# Kia Ora from New Zealand



## Stephen Gallagher (Nov 12, 2013)

Kia Ora and hello from New Zealand
My name is Stephen and I am very happy to be here.
Thanks for having me!
I am a composer and music editor.
http://stephengallagher.co.nz
https://www.facebook.com/StephenGallagherMusic


----------



## Walid F. (Nov 12, 2013)

Welcome!! But you've already been here for over 2 years. I guess it's better late than never :D


----------



## Stephen Gallagher (Nov 12, 2013)

Thanks!

It's been too long!

Nice to erm.... be back.



S


----------



## Walid F. (Nov 12, 2013)

Enjoy your stay!

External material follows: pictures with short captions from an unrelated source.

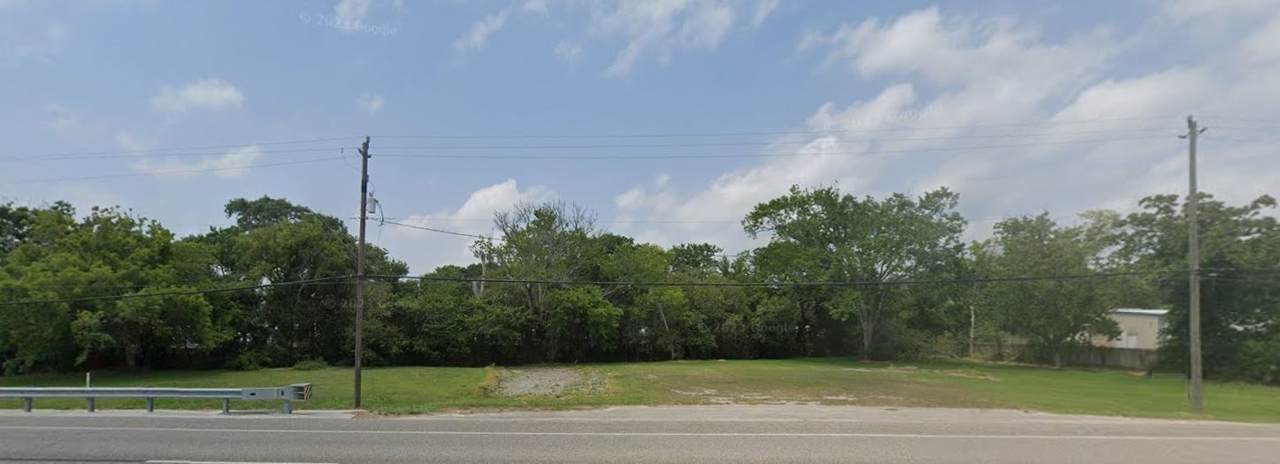 9122 Highway 6 - Photo 1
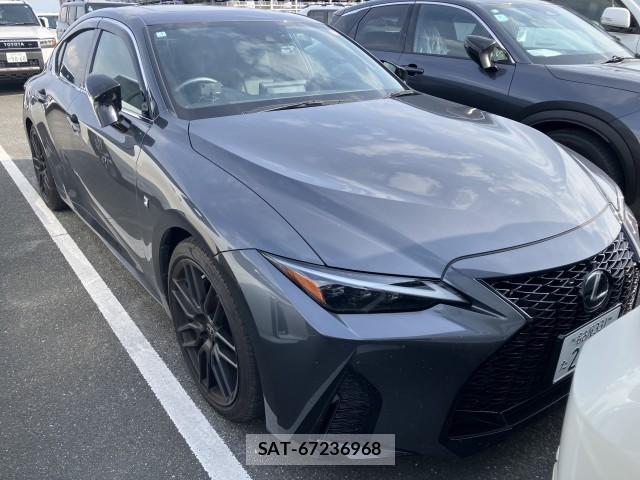 Lexus IS 2021-02 8055214-0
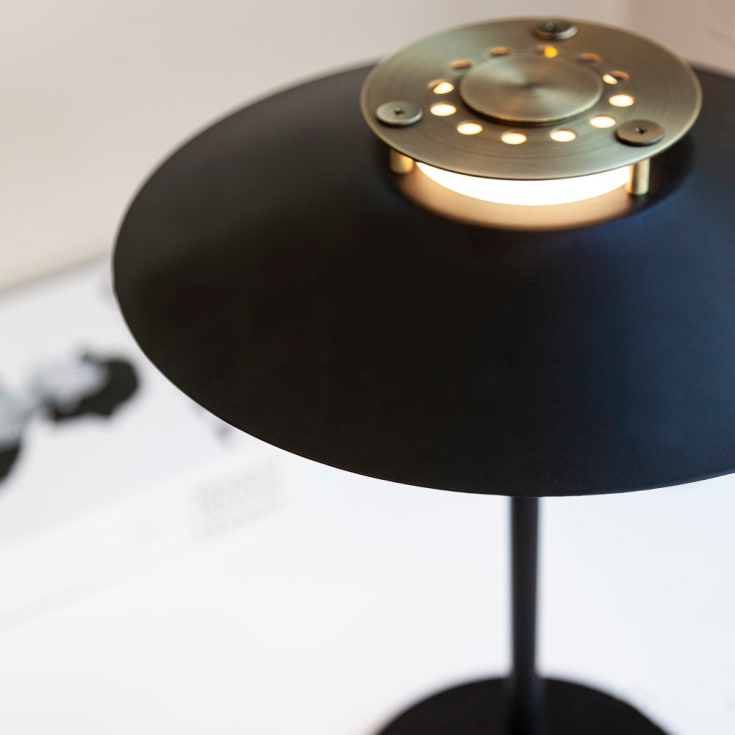 Halo Design Rivoli bordlampe, svart/messing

Anything cool you've worked on that we can take a listen to?


----------



## Stephen Gallagher (Nov 12, 2013)

Not sure if it's 'cool'! I have a few things up here but I need to update this again soon...
https://soundcloud.com/stephen-gallaghe ... -gallagher

oh and I was involved in recording this last month:

http://www.youtube.com/watch?v=mllXxyHTzfg

S


----------



## Walid F. (Nov 12, 2013)

Oh, man. This is beautiful work, my friend. Where's Howard Shore in that video? Seems like he should be a little part of it at least :D


----------



## Stephen Gallagher (Nov 12, 2013)

Thanks!

It was a pleasure to be involved with.

Ed is the man. Great singer, great writer, great musician.

Would have been nice if Mr Shore was there too.

S


----------